Given data:
____________________

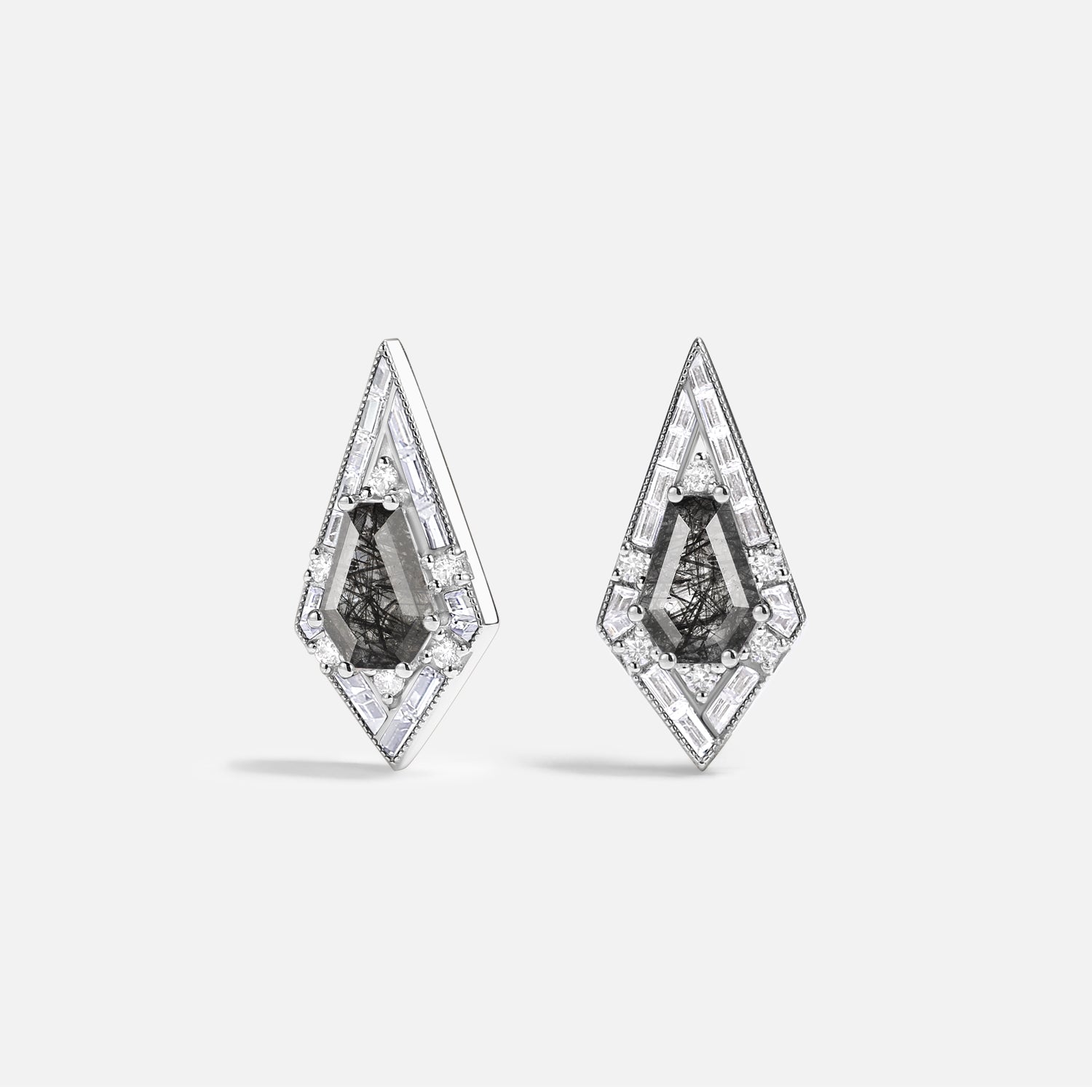 Unique Coffin Kite Cut Black Rutilated Quartz Earrings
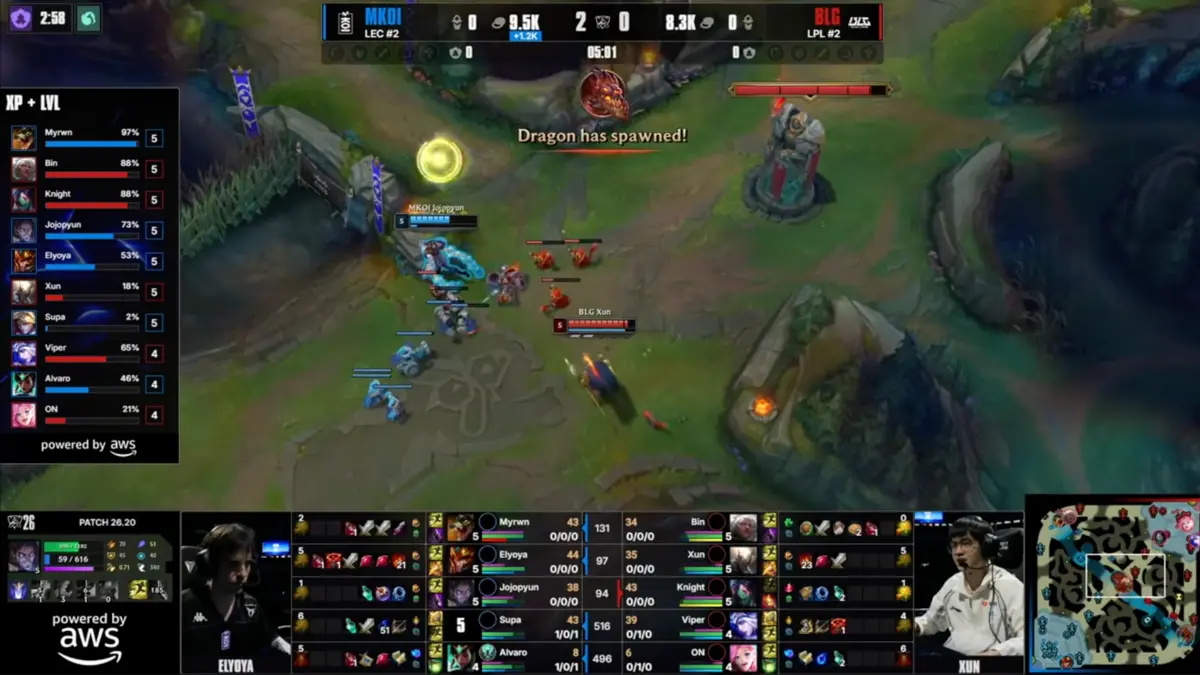League of Legends esports match mid-lane gameplay broadcast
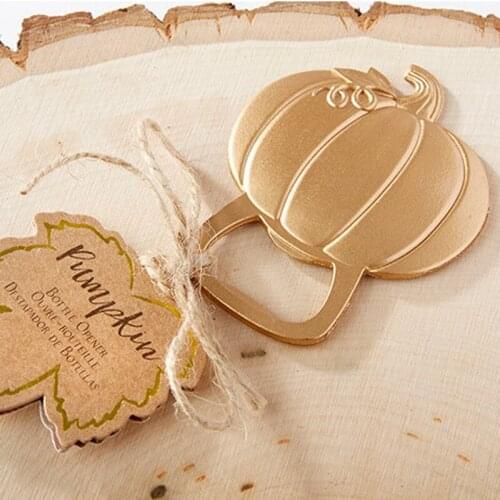 100pcs/lot Golden Pumpkin Bottle Opener For Bridal Shower Halloween Favors and Gift wedding giveaways gift Free shipping
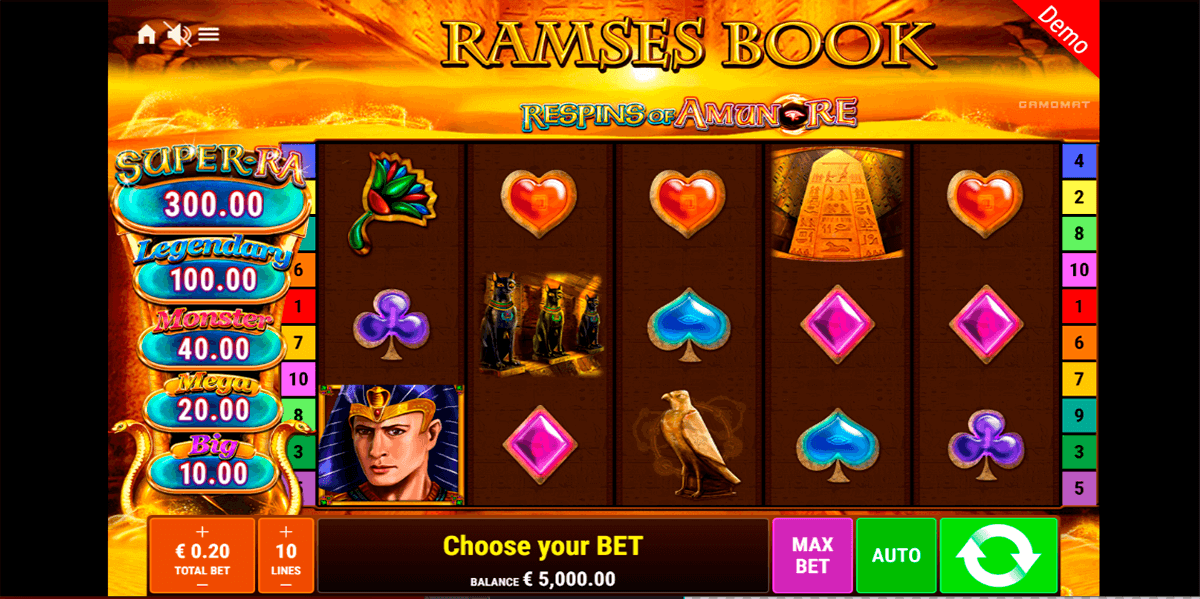 ramses book respins of amunre gamomat casino slots 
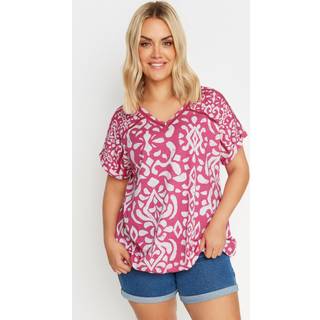 Yours Curve Yours Curve Pink Grown On Sleeve Bubble Hem Crochet 100% Cotton Top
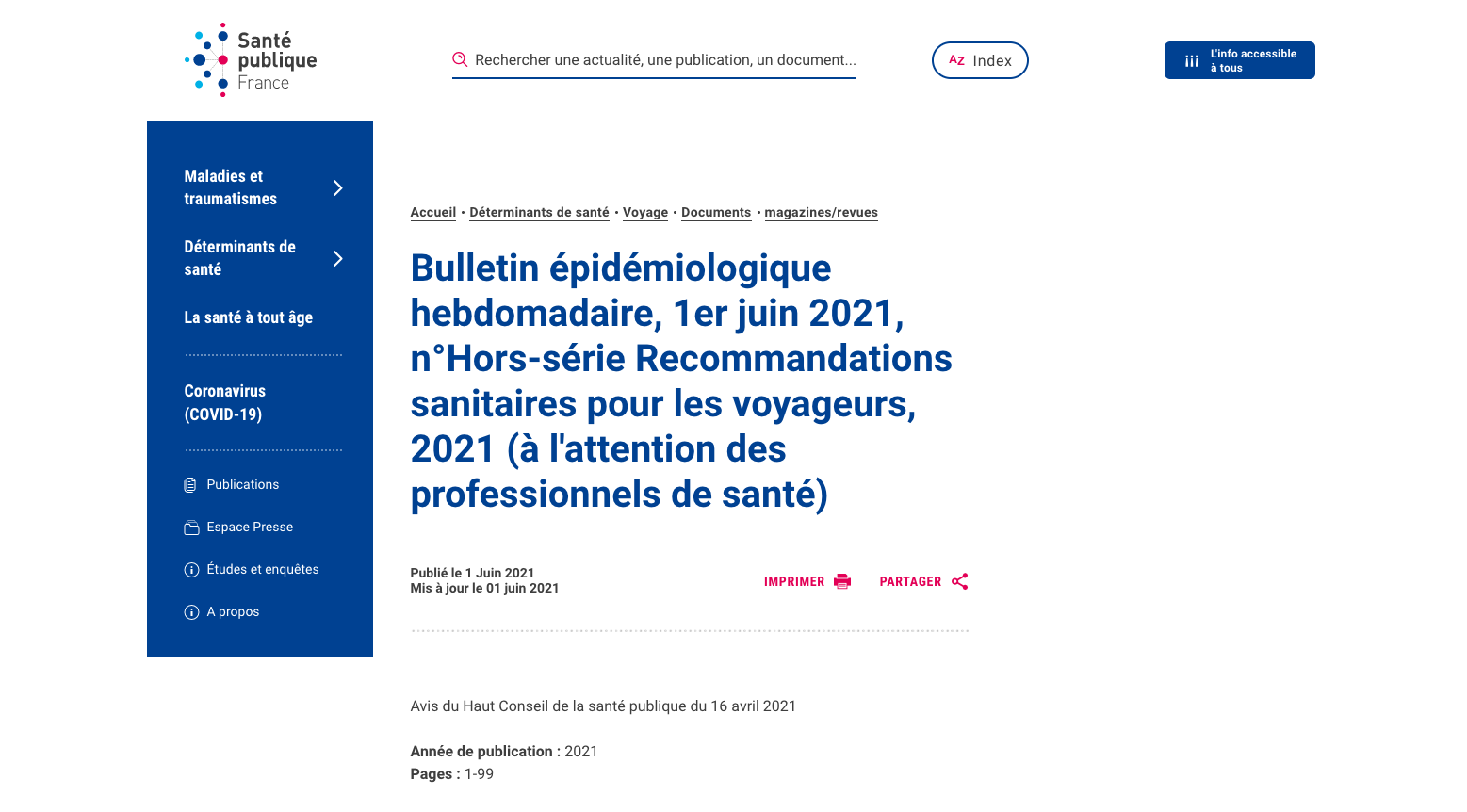 Recommandations sanitaires pour les voyageurs - 2021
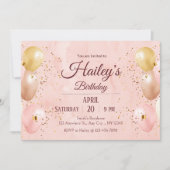 ピンクバルーン誕生日パーティーへの招待 招待状 (正面)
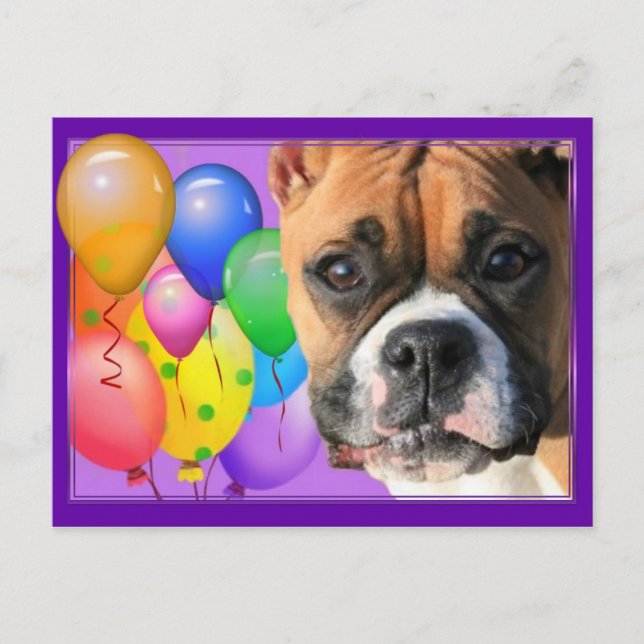 Postal de Boxer Feliz Cumpleaños (Anverso)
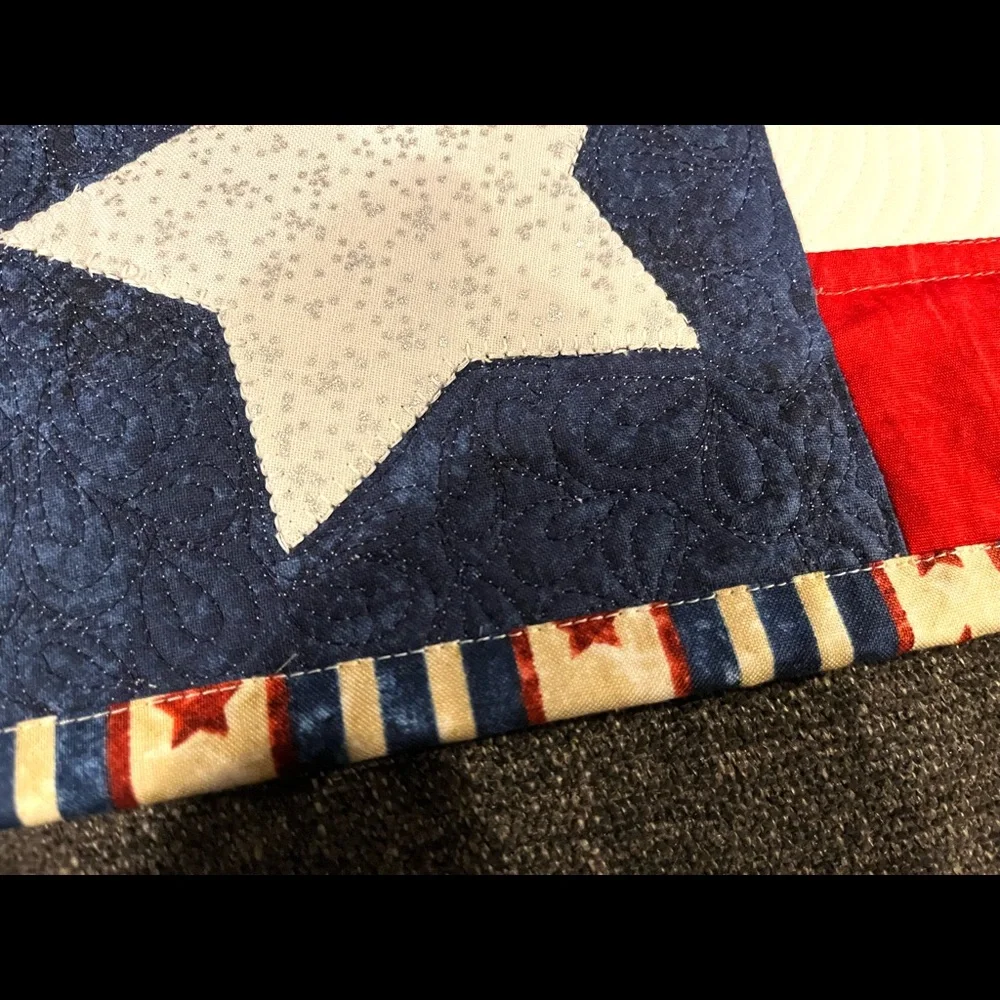 Custom made Patriotic Table Runner - Hand Made with Precision Stitching.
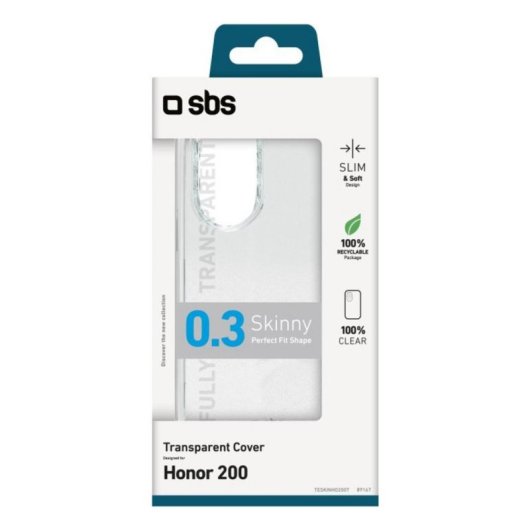 Funda para móvil SBS TESKINHO200T TPU transparente resistente para Honor 200 6,7"
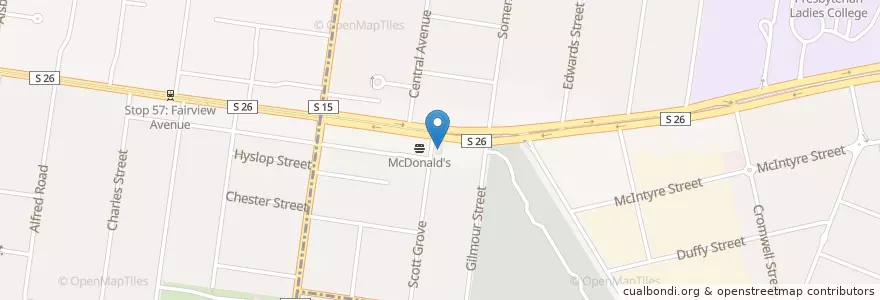 Mapa de ubicacion de Burwood Police Station en Australien, Victoria, City Of Whitehorse.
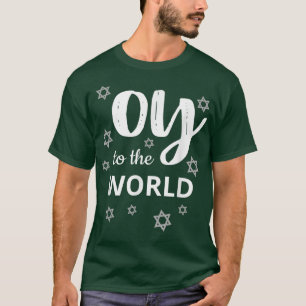 Camiseta Engraçado Judeu Oy Para O Mundo Chanucá Snowflakes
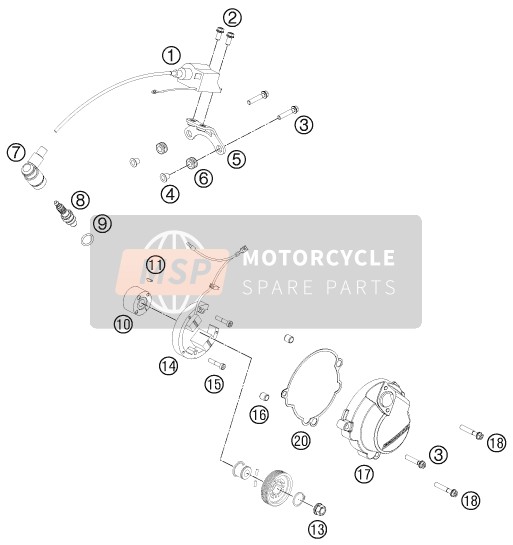 KTM 50 SX Mini Europe 2014 Système de mise à feu pour un 2014 KTM 50 SX Mini Europe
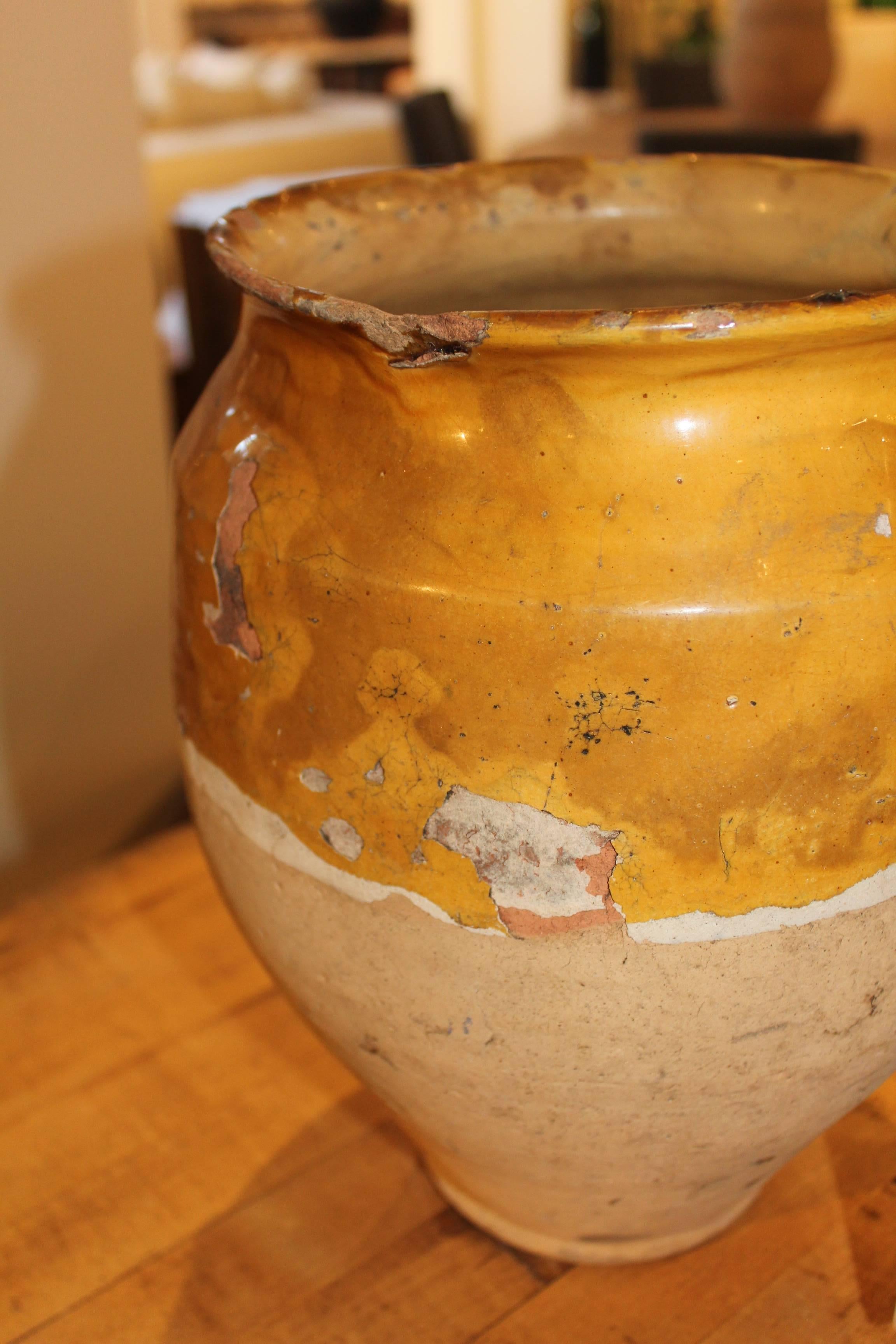 Glazed 19th Century French Terracotta Confit Jar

____________________

Exercise objective: The answer must be the listing above, restated word for word, with no images in it.

Written answer:
 Unique Coffin Kite Cut Black Rutilated Quartz Earrings
League of Legends esports match mid-lane gameplay broadcast
 100pcs/lot Golden Pumpkin Bottle Opener For Bridal Shower Halloween Favors and Gift wedding giveaways gift Free shipping
 ramses book respins of amunre gamomat casino slots 
 Yours Curve Yours Curve Pink Grown On Sleeve Bubble Hem Crochet 100% Cotton Top
 Recommandations sanitaires pour les voyageurs - 2021
 ピンクバルーン誕生日パーティーへの招待 招待状 (正面)
 Postal de Boxer Feliz Cumpleaños (Anverso)
 Custom made Patriotic Table Runner - Hand Made with Precision Stitching.
 Funda para móvil SBS TESKINHO200T TPU transparente resistente para Honor 200 6,7"
 Mapa de ubicacion de Burwood Police Station en Australien, Victoria, City Of Whitehorse.
 Camiseta Engraçado Judeu Oy Para O Mundo Chanucá Snowflakes
 KTM 50 SX Mini Europe 2014 Système de mise à feu pour un 2014 KTM 50 SX Mini Europe
 Glazed 19th Century French Terracotta Confit Jar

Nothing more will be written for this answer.